Snacks auf dem Index
Kein Popcorn mehr im Kino?! Der Aufschrei war natürlich groß. Für viele Menschen ist der Kauf von Popcorn vor dem Film ein Ritual, eine Einstimmung auf das bevorstehende Erlebnis. Ohne Popcorn wäre es einfach nicht das Gleiche. Der Vorstoß der Knigge-Gesellschaft ist für einige deshalb gleichbedeutend mit einer emotionalen Entwertung des Kinobesuchs. Der Wein schmeckt im Urlaub besser, das Popcorn während eines Kinofilms – sehr zur Freude der Kinobetreiber, die einen Großteil ihrer Einnahmen durch den Verkauf von Getränken und Schleckereien bestreiten. Es sei ihnen gegönnt. Und gegen Popcorn (oder Eis) ist grundsätzlich nichts einzuwenden, auch wenn in Großbritannien und anderen Teilen der Welt der Kino-Snack Nummer 1 aufgrund seines starken Geruchs und seiner Angewohnheit, sich vollkommen selbständig und ohne Zutun des Käufers zwischen und unter die Sitze zu mogeln, aus ein paar Kinos verbannt wurde. Was wirklich stört – und es gilt zu vermuten, dass die Knigge-Gesellschaft genau darauf hinaus wollte -, ist das mittlerweile ausufernde und für ein Kino unpassende Angebot an Speisen. Wer es einmal neben einem Menschen aushalten musste, der während eines Films eine Packung (!) Chips oder eine penetrant riechenden Schale Nachos mit Käse verdrückt hat, der weiß, wie hauchzart der Grat zwischen Contenance und rasender Wut ist.

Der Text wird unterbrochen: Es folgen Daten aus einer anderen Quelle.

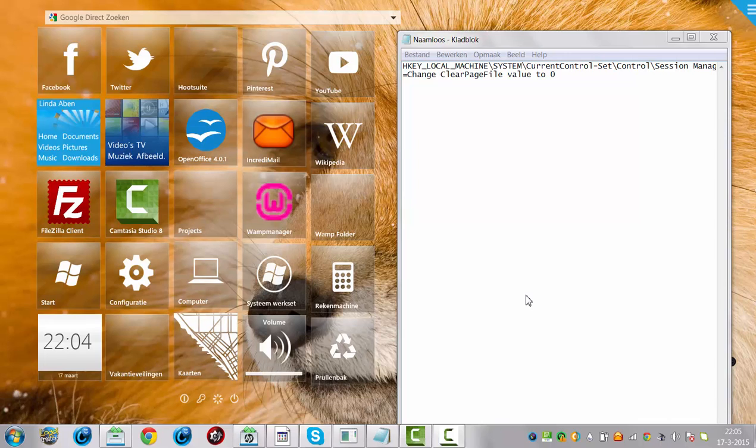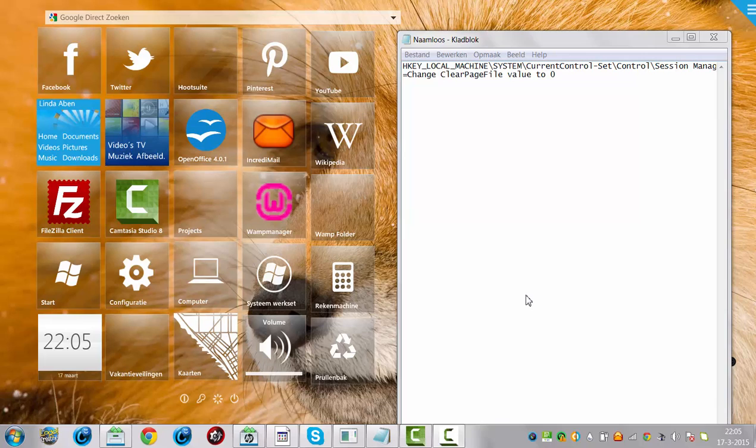Hi and welcome to this tutorial. Recently my computer didn't shut down properly anymore. It was just very slow, and you had to go to bed and leave the computer while shutting down because it was taking that long. But I found a solution for it.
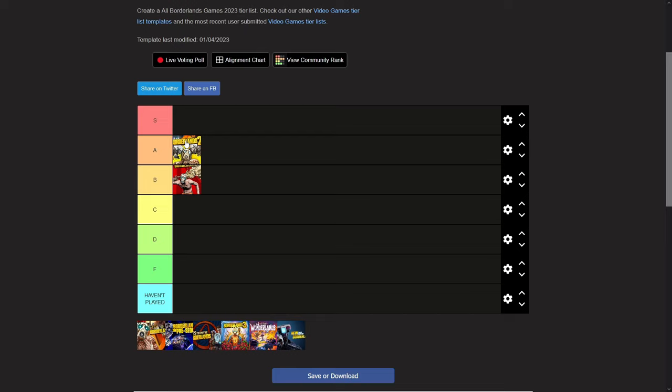As much as people want to praise this as the best Borderlands game to date, it is in my opinion, but it's not an S tier game. This game has so many problems that people just ignore because of rose-tinted glasses. People just say this game can't have anything wrong with it, but I'm here to expose that.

Auf’s Wesentliche konzentrieren
Wie angenehm dagegen das von Hause aus leise Popcorn sein kann. Ein gelegentliches Rascheln der Tüte lässt sich durchaus verschmerzen. Der Schweizer Filmwissenschaftler Vinzenz Hediger verweist sogar auf eine komplettierende Komponente des Essens während des Filmgenusses: Neben dem Sehen und Hören werden auch noch die Sinne Schmecken und Riechen befriedigt. Ob diese These nun stimmt oder nicht, sei mal dahingestellt. Überraschend ist dabei nur, dass sich Menschen daheim auch keine Schubkarre voll Süßkram zum Filmgucken bereitstellen, schon gar nicht, wenn sie nicht alleine sind. In der Anonymität des Kinos scheint aber jede Unart erlaubt, egal ob es sich um geräuschintensives Essen oder nicht enden wollendes Getuschel handelt.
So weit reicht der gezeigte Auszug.